🤖 AI Summary
Existing robotic datasets often lack sufficient linguistic and action diversity, limiting the generalization of policies to varied instructions. This work proposes TREAD, a framework that leverages pretrained vision-language models (VLMs) to automatically re-annotate existing robot demonstration data through a three-stage pipeline—semantic subtask parsing, video segmentation, and generation of diverse, object-attribute-rich instructions—without requiring additional data collection.

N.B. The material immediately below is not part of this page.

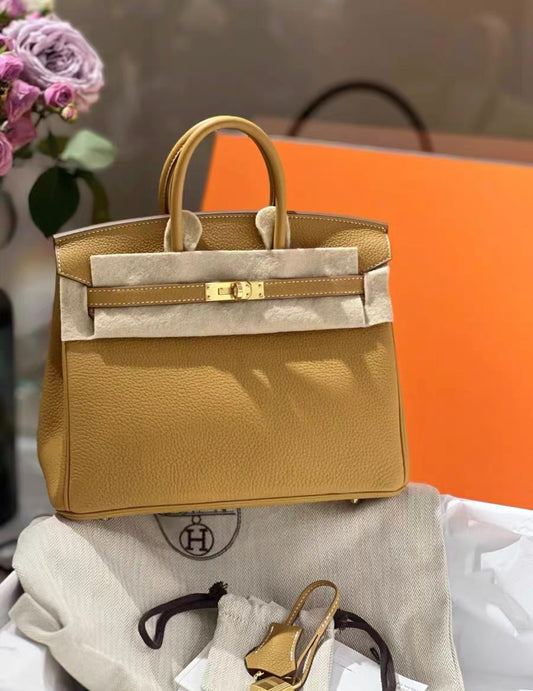 Hermes Birkin 25 Natural Sable Togo Leather Gold Hardware handbag with white stitching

By enriching the dataset with high-quality language-action pairs, TREAD enables more robust training of language-conditioned policies. Experiments on the LIBERO benchmark demonstrate that policies trained with TREAD-augmented data significantly outperform baselines on unseen tasks and novel targets, effectively enhancing the generalization capabilities of language-guided policy learning and planning.
📝 Abstract
The recent trend in scaling models for robot learning has resulted in impressive policies that can perform various manipulation tasks and generalize to novel scenarios. However, these policies continue to struggle with following instructions, likely due to the limited linguistic and action sequence diversity in existing robotics datasets. This paper introduces Task Robustness via Re-Labelling Vision-Action Robot Data (TREAD), a scalable framework that leverages large Vision-Language Models (VLMs) to augment existing robotics datasets without additional data collection, harnessing the transferable knowledge embedded in these models. Our approach leverages a pretrained VLM through three stages: generating semantic sub-tasks from original instruction labels and initial scenes, segmenting demonstration videos conditioned on these sub-tasks, and producing diverse instructions that incorporate object properties, effectively decomposing longer demonstrations into grounded language-action pairs. We further enhance robustness by augmenting the data with linguistically diverse versions of the text goals. Evaluations on LIBERO demonstrate that policies trained on our augmented datasets exhibit improved performance on novel, unseen tasks and goals. Our results show that TREAD enhances both planning generalization through trajectory decomposition and language-conditioned policy generalization through increased linguistic diversity.